We are monotheistic, but we also believe in all-powerful saints. I suspect the belief in the Trinity allows us to believe in an authoritarian distant God the Father, and a more intervening benevolent God the Son, including the tiny but terrible Santo Niño, or Holy Child.
Then, too, there's the Virgin Mary and a plethora of saints, who act as intercessors or go-betweens. Our patriarchal society might be reflected in our beliefs in an Authoritarian God, but we are, too, a matricentric society where women can be very powerful, and that is reflected in our Mama Mary complex.

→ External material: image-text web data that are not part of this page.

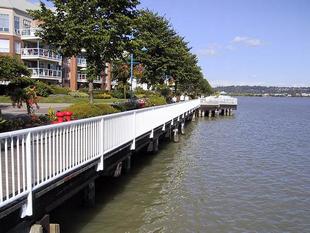 106-0624_img.jpg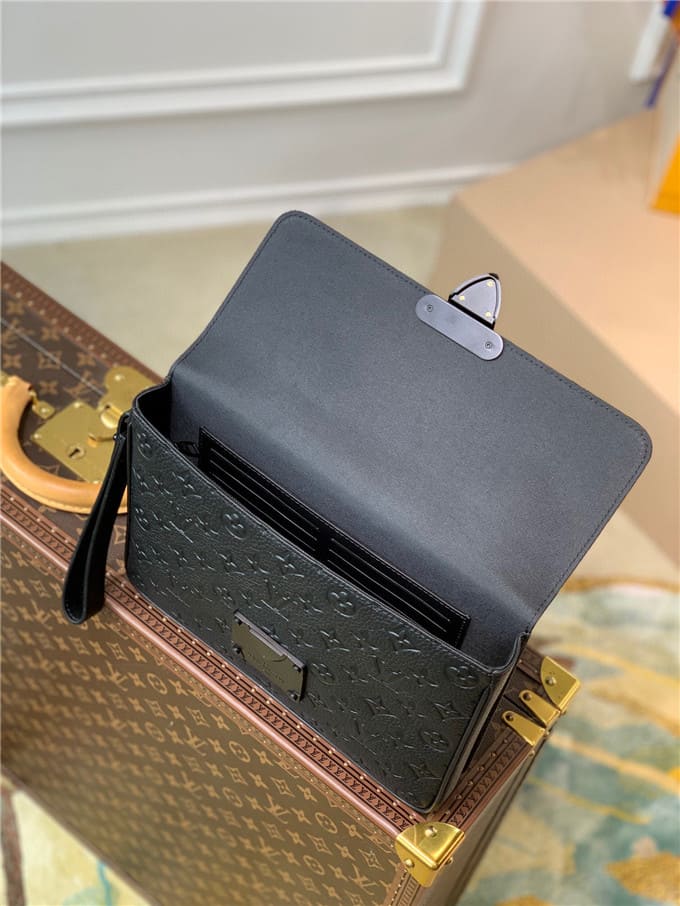 Túi LOUIS VUITTON s lock a4 pouch bag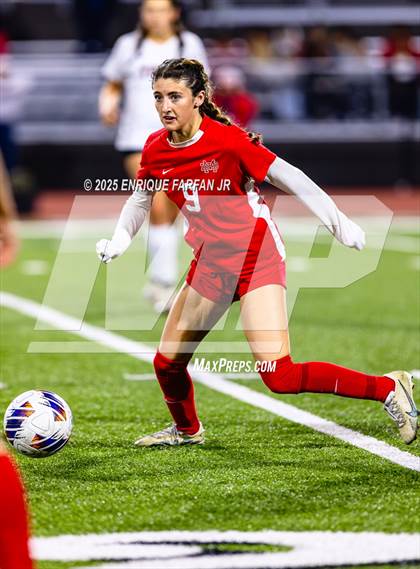 Thumbnail 3 in Troy vs. Mater Dei (CIF SS D1 Final)  photogallery.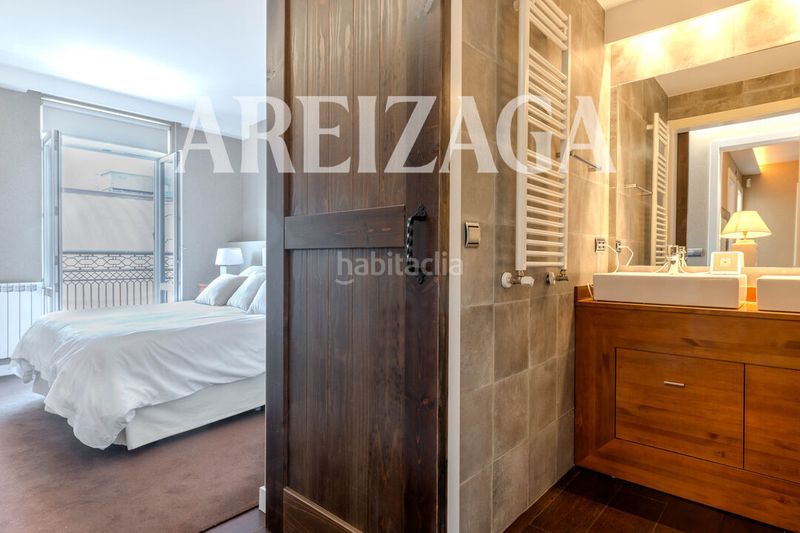 Foto a91a726a-2b6c-486e-bfd5-a290069f9fc4. Piso en Área Romántica Donostia - San Sebastián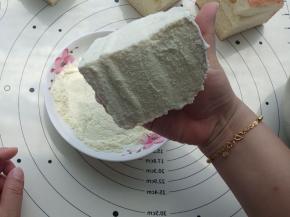 把奶酪馅夹在夹缝里，切面也抹上奶酪馅。表面再粘上奶粉。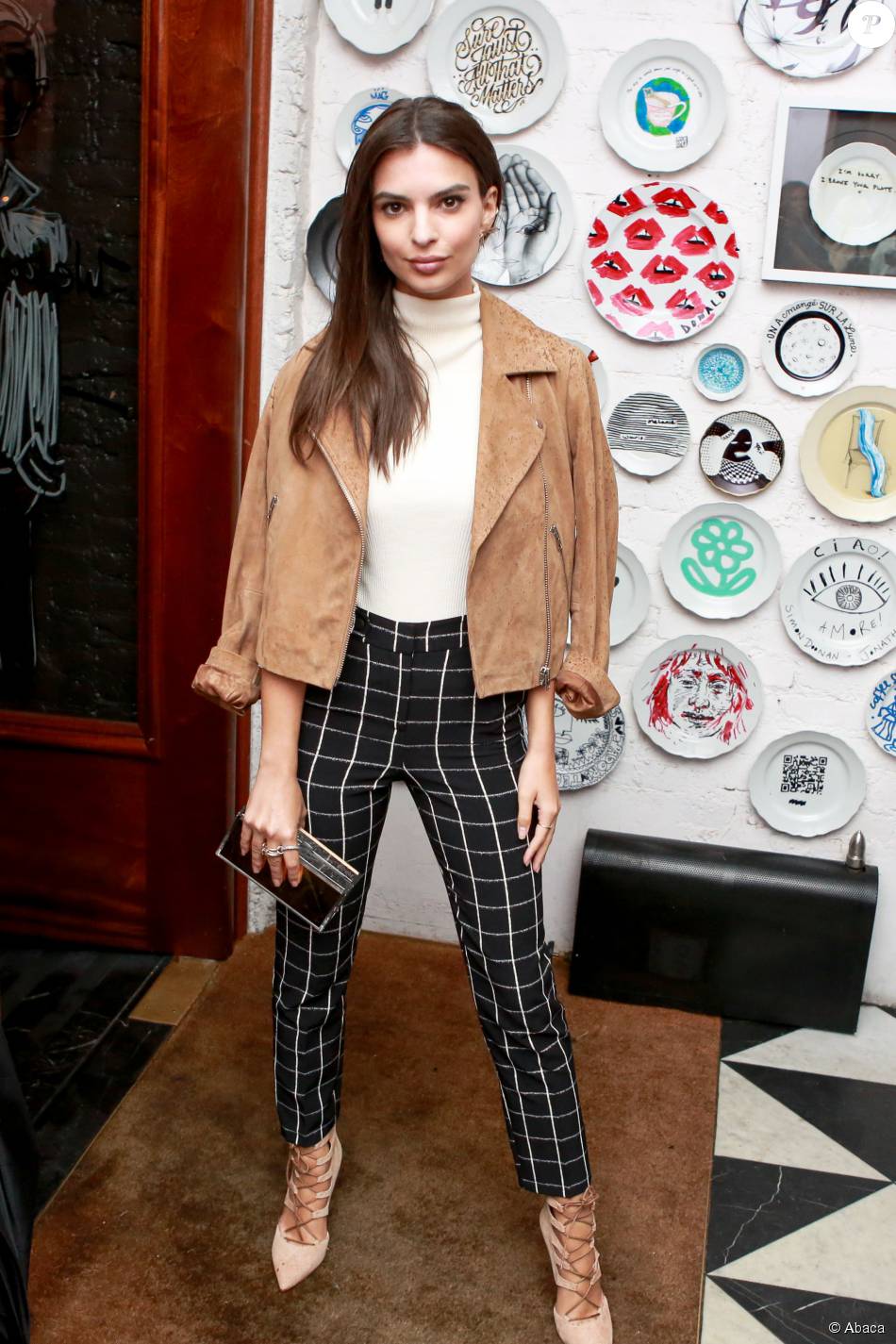 Emily Ratajkowski assiste au dîner organisé par Topshop et Edward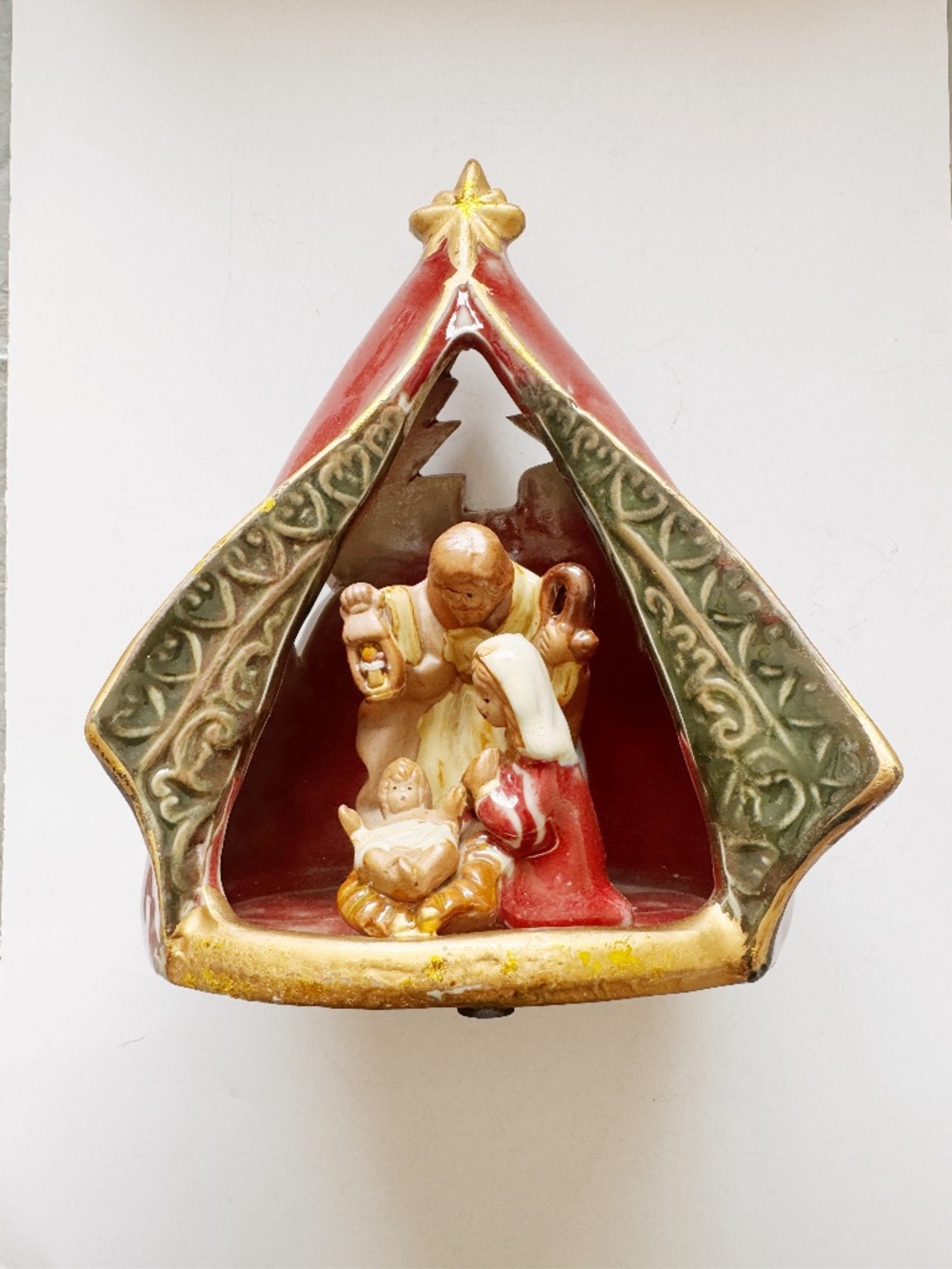 Vintage Ceramic Christmas Nativity Stable Figurine Tea Light Candle Holder 8.5"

And we haven't even gone into Filipino animist beliefs that see the human world as constantly interacting with other worlds of supernatural and preternatural spirits, benevolent and malevolent.
Perhaps ultimately, we need to understand not so much how the Filipino looks at God as how we interpret morality, what is right and what is "kasalanan" ("sin" or wrong-doing). Maybe the tension isn't so much between an Authoritarian and Benevolent God than between ideas of "personal" and "social" sin. When we see sin mainly in terms of having missed Mass, or using the contraceptive pill, then we lose sight of the need to address social sin, such as cheating in elections, stealing through corruption, failing to provide decent social services for fellow Filipinos.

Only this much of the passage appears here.